Yeah. So, I mean, in an ideal world, we have overlapping time zones that are within reasonable differences. And so, we have found a lot of luck in South America with our tech outsourcing teams. We found high levels of English proficiency, which is important cause most of our team here speaks English. And then, regardless of time zones, we just focus on making sure that the teams that we're working with are integrated to our teams that are based onshore here in the United States. So, there's just a lot of making sure that the integration points are right. If we have teams that are in wildly different time zones, which we do, we have very robust handoff processes. You know, sometimes we have a team here in the US working on a project in our daytime, and a team in India may be working on a project in their daytime. And we have just a very documented process by how we exchange the handoff between the different time zones and staff. And that's just something that's built into the way that we work with some of our remote teams.

Oleg

Yes, structure is definitely one of the key points, while working with different time zones, regions, and remote teams. As we wrap up our conversation, what advice would you give to business leaders considering IT outsourcing as a part of their growth strategy based on your experience and lessons you learned?

Julie

Yeah, I think have a very clear definition of what the expectations are. And I think we would come up with what those expectations are, what the goals are, the timeframes, and make sure that that's a discussion with whoever you're using to do the outsourcing with.
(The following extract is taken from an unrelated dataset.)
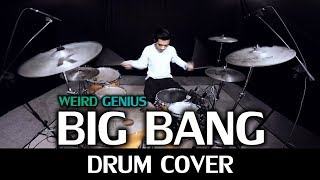 Weird Genius - BIG BANG - Drum Cover by IXORA (Wayan)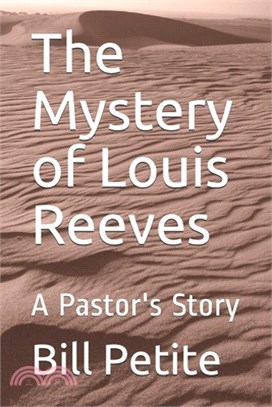 The Mystery of Louis Reeves: A Pastor's Story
And that discussion is important because asking questions and gaining clarity on goals are super important. And so, you want to make sure that everyone is perfectly aligned, especially when you're dealing with people where English might not be their first language, like just making sure it's robustly clear. And then I think treating your partners as a trusted advisor. They are doing work on behalf of your company. They're going to see things that maybe you don't see, especially since some of them have probably worked with a lot of companies, you know, just different companies at different points in time. So, they're going to have that knowledge from other businesses that probably is really impactful to your business. And so, like, really leaning on them, asking them for ideas, treating them as like a partner versus a service provider, I think, is something that has been good for us. Blending the teams. So, I mean, there's points in time where maybe you give a specific project to an outsourced team, but make sure they're also blended with the internal teams so that they can pass along learnings. Making sure that, you know, we're aligned on a set of OKRs that everyone's going after and everyone is excited about achieving because that's what's going to mark success. The same tools and management framework is important. You know, I'm a big, huge believer in performance management, internally. And I think it's an important external thing as well. So, if we have one of our engineering managers here in the US that has people on the team that are in one of our outsourcers, making sure that that manager is giving feedback to the team to the management of the outsourcer on the different team members so that they understand what they're doing well, what they can improve on. You can't improve if you don't understand that there's a problem, and I think so that that feedback loop is important. And then kind of wrapping all that up through QBRs. So, you know, talking about both what the outsourcer is providing on a quarterly basis, how they're doing, how they're contributing to the OKRs of the business is a good way to make sure that everything's on track and that there's a good feedback loop in place.

Oleg

Julie, thanks for your time. Thanks for joining me today. You're a very experienced person. I know of your achievements in Groupon and pharmacy business. I'm sure Self definitely benefit of having you on a position of CEO. You're a very busy person, and again, thanks for finding time to join me. It was a pleasure to speak to you, and I'm sure our auditory find a lot of insights that would be useful for that.

Julie

Thank you for your time. And it's always nice to speak to you. So, have a great rest of your day.